▶ [TO DO]
Only the lines from the one that includes "500 Country Club" through the last line below belong in the reply, copied exactly and without pictures.
#####
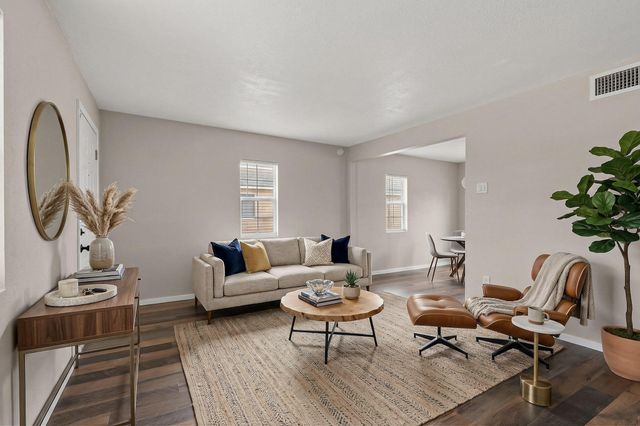 433 Loma Hermosa Drive NW, Albuquerque, NM 87105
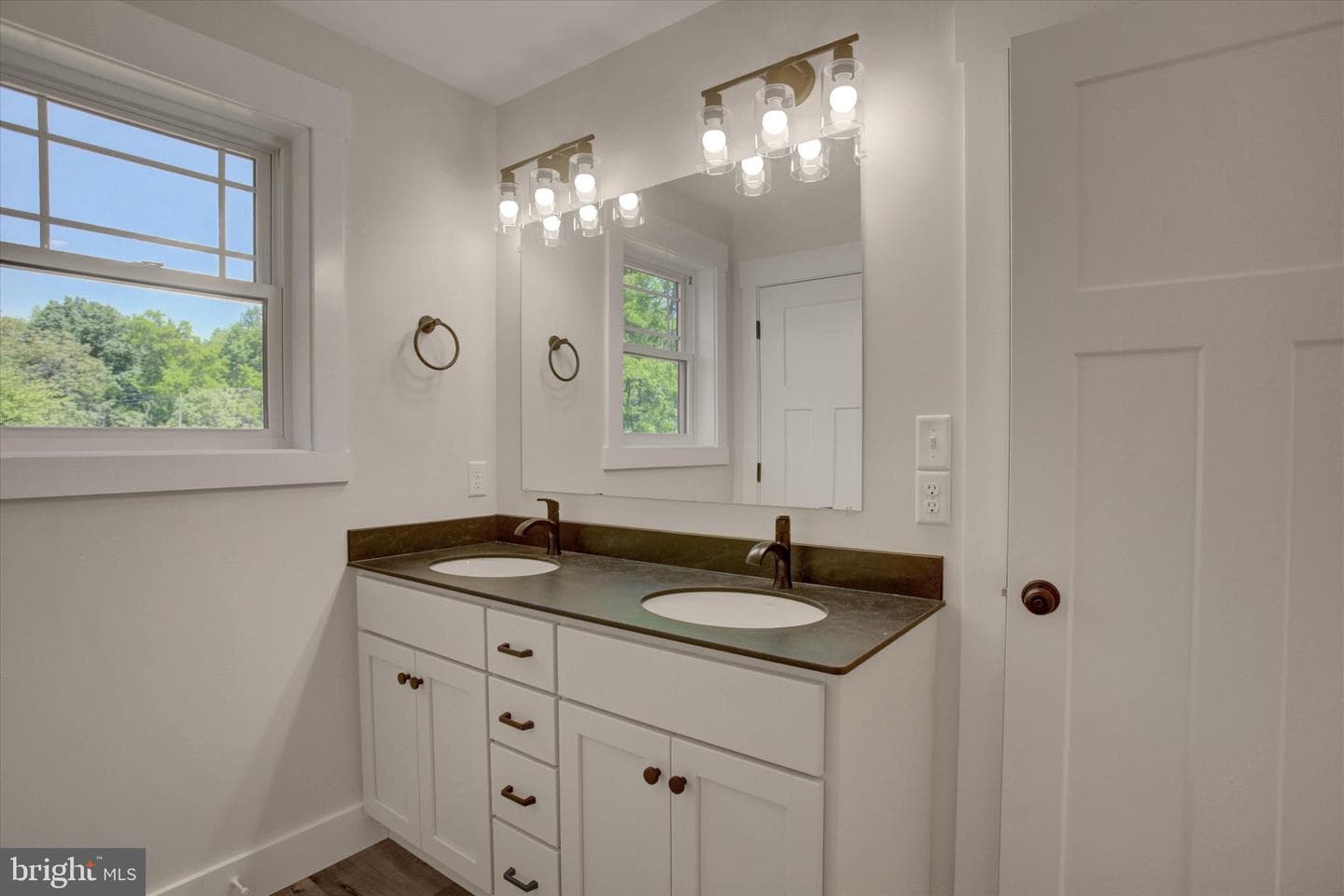 695 Karvois Court photo 32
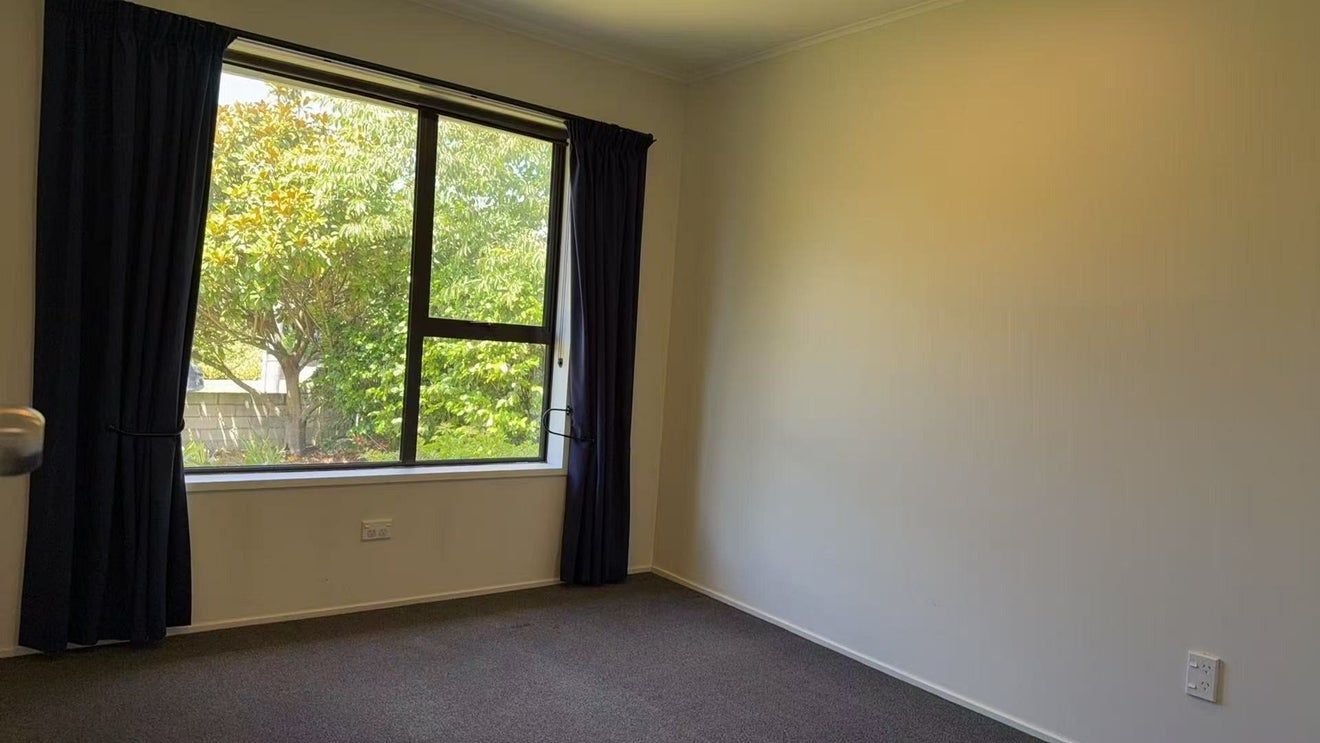 37 Flower Street, Bryndwr, Christchurch - Carousel 7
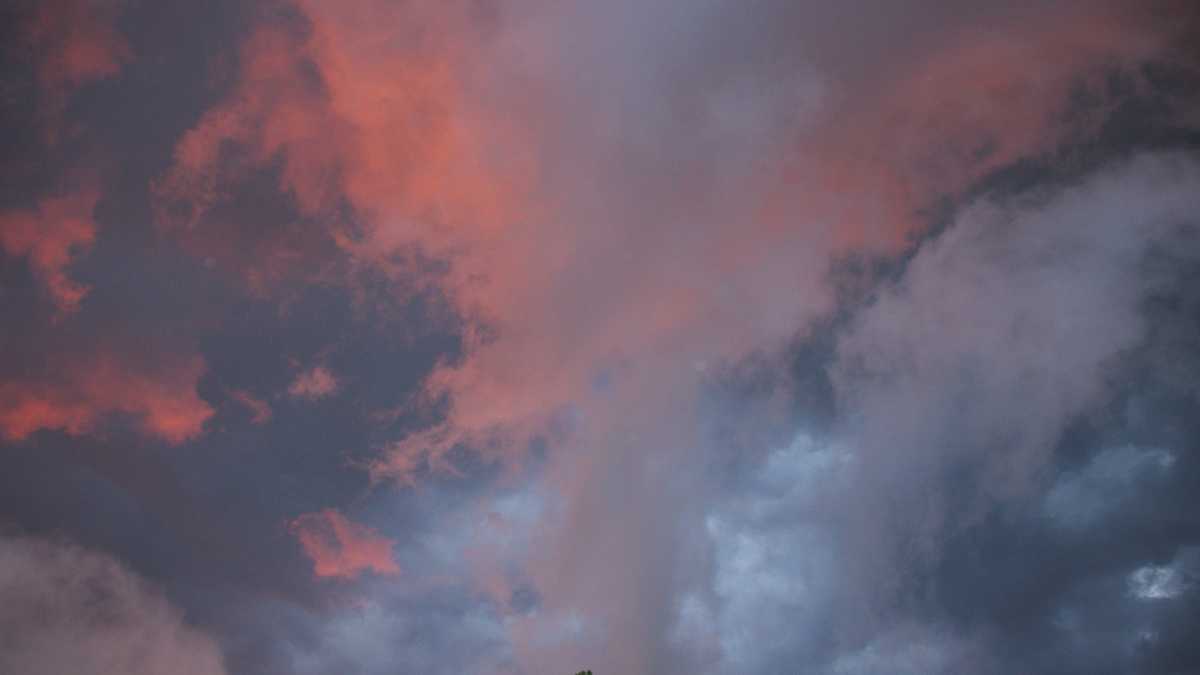 Dozens take photos of clouds that look like tornado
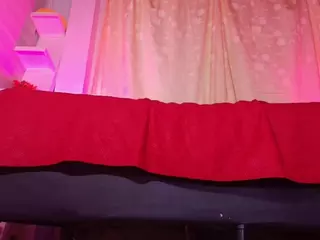 emyli_sw's Live Sex Cam Show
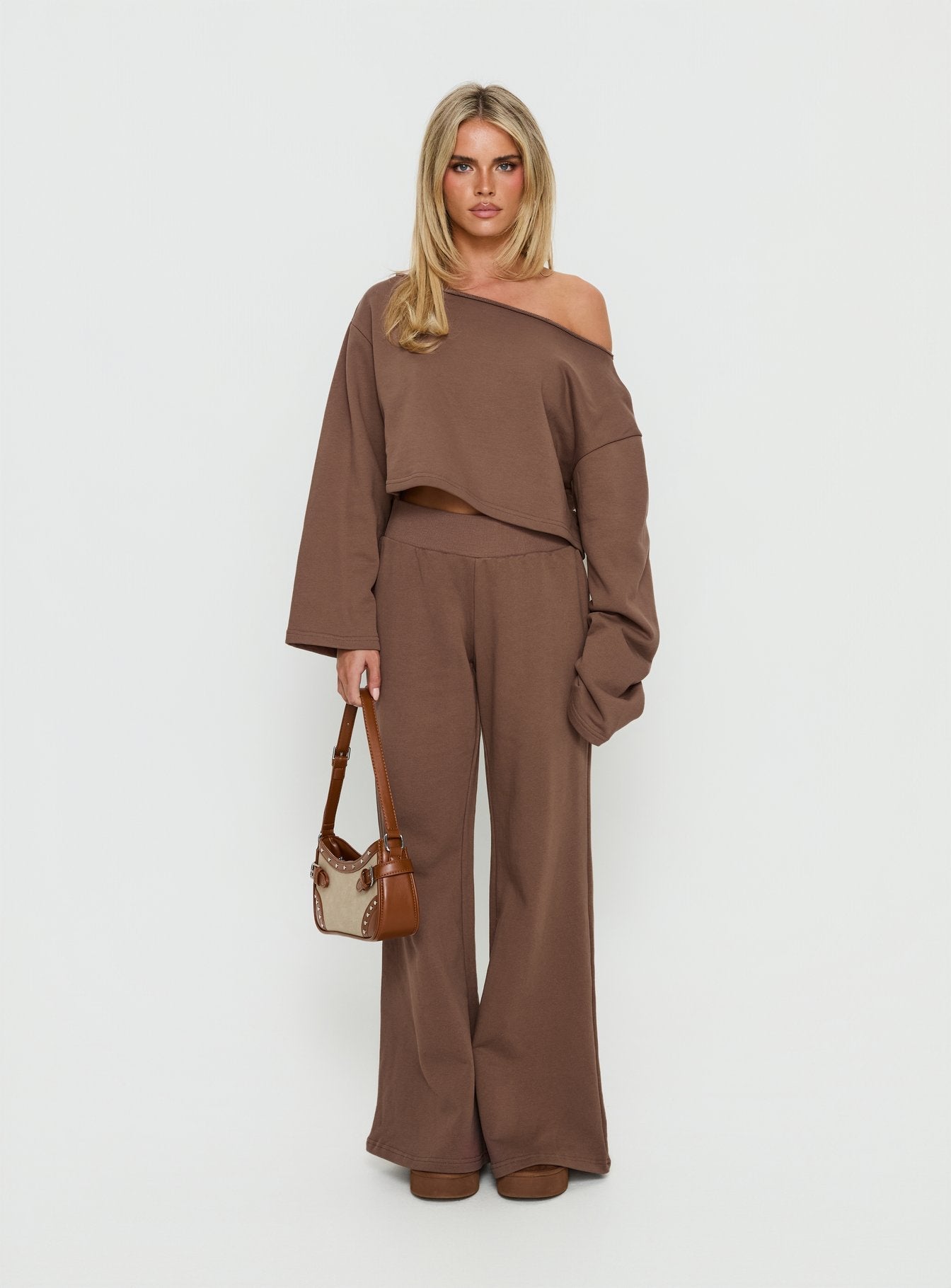 Retreat Raw Edge Off Shoulder Jumper Cocoa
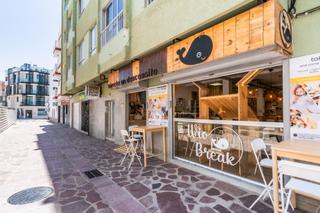 Traspàs Local Comercial a Calle villa de la orotava 10. Traspaso cafetería y parque de juegos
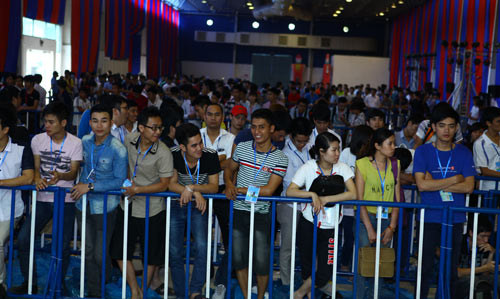 Fan Việt xếp hàng chờ mua Samsung Galaxy S4 - 9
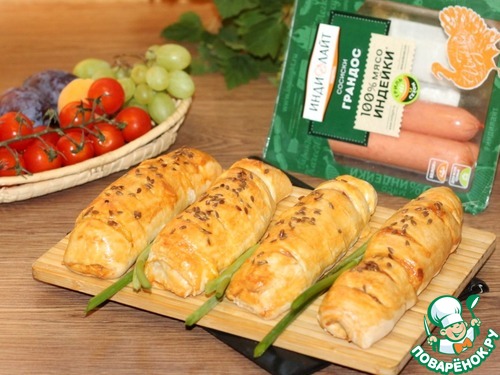 Сосиски из индейки с сыром Сосиски из индейки с сыром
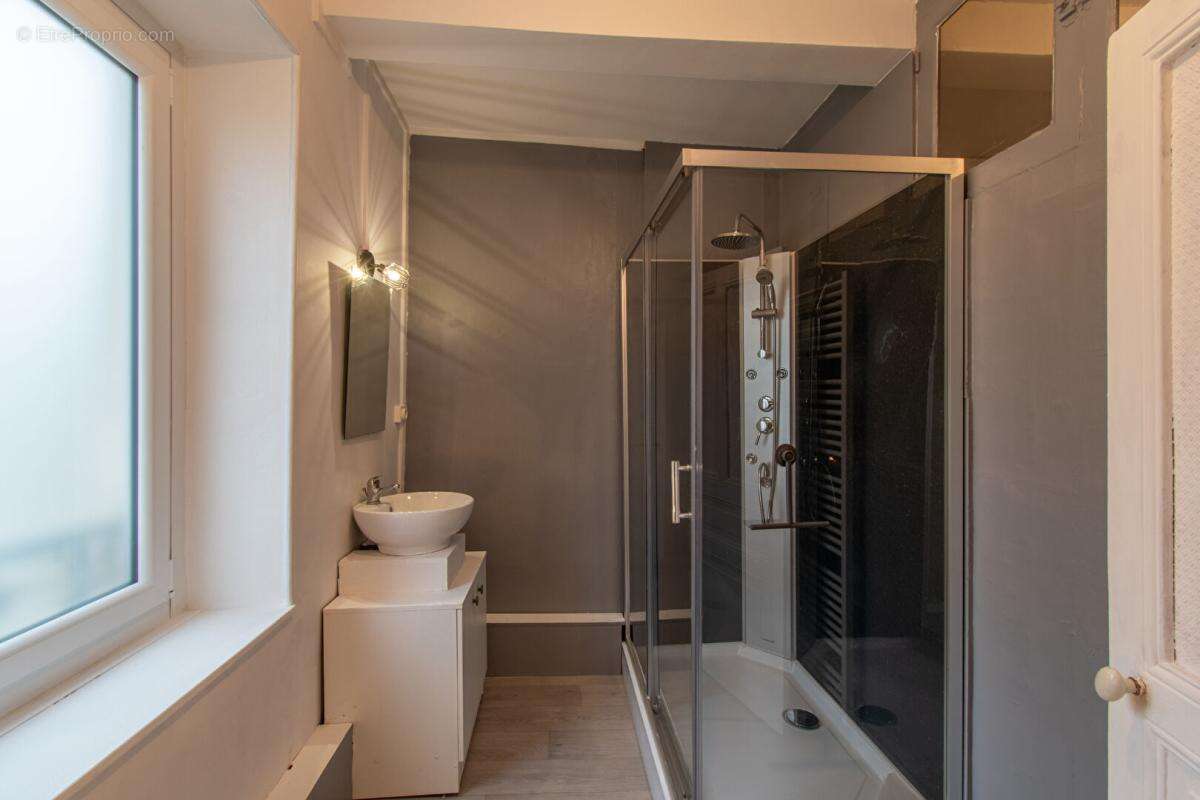 Maison à SAINT-GEORGES-SUR-LA-PREE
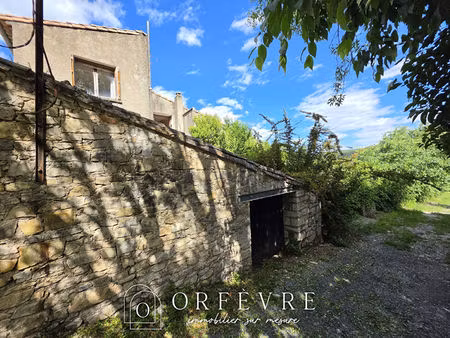 maison de village 3 chambres a renover avec cave et remises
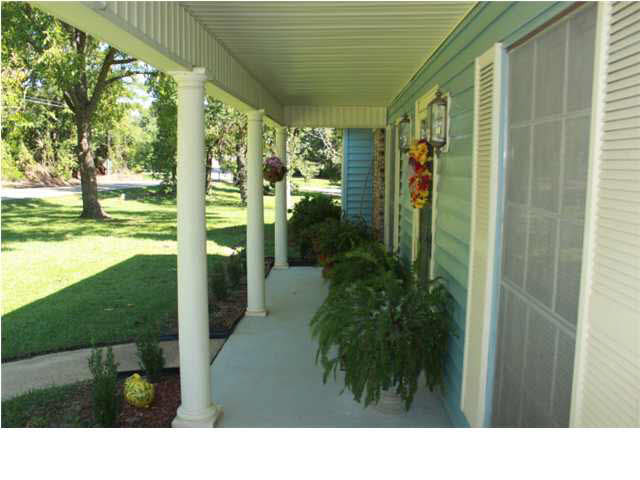 500 Country Club Road Florence, MS 39073 - Photo 4 of 24 Front Patio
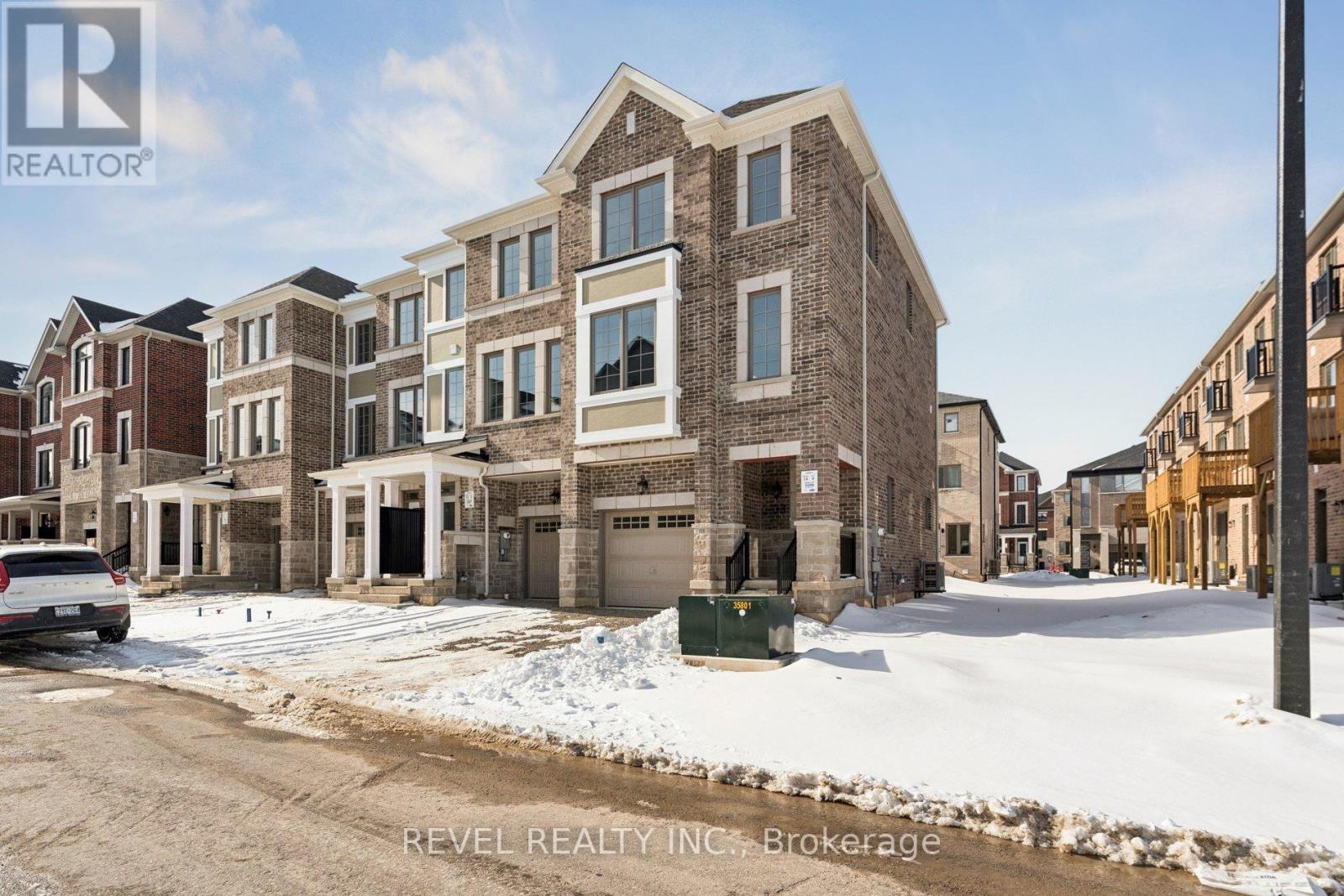 33 YELLOW RAIL CRESCENT - Photo 2 of 2, Brampton (Northwest Brampton), Ontario
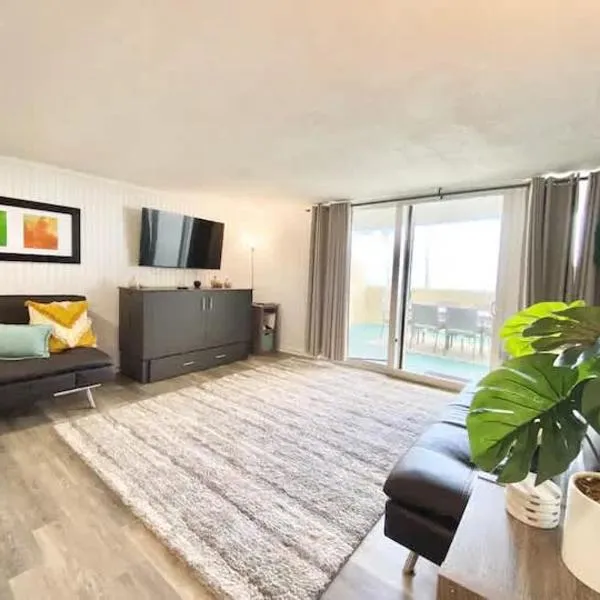 Luxury One-Bedroom Apartment with Ocean View, hotel in Hauula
#####
▶ [TASK RESPONSE]
 500 Country Club Road Florence, MS 39073 - Photo 4 of 24 Front Patio
 33 YELLOW RAIL CRESCENT - Photo 2 of 2, Brampton (Northwest Brampton), Ontario
 Luxury One-Bedroom Apartment with Ocean View, hotel in Hauula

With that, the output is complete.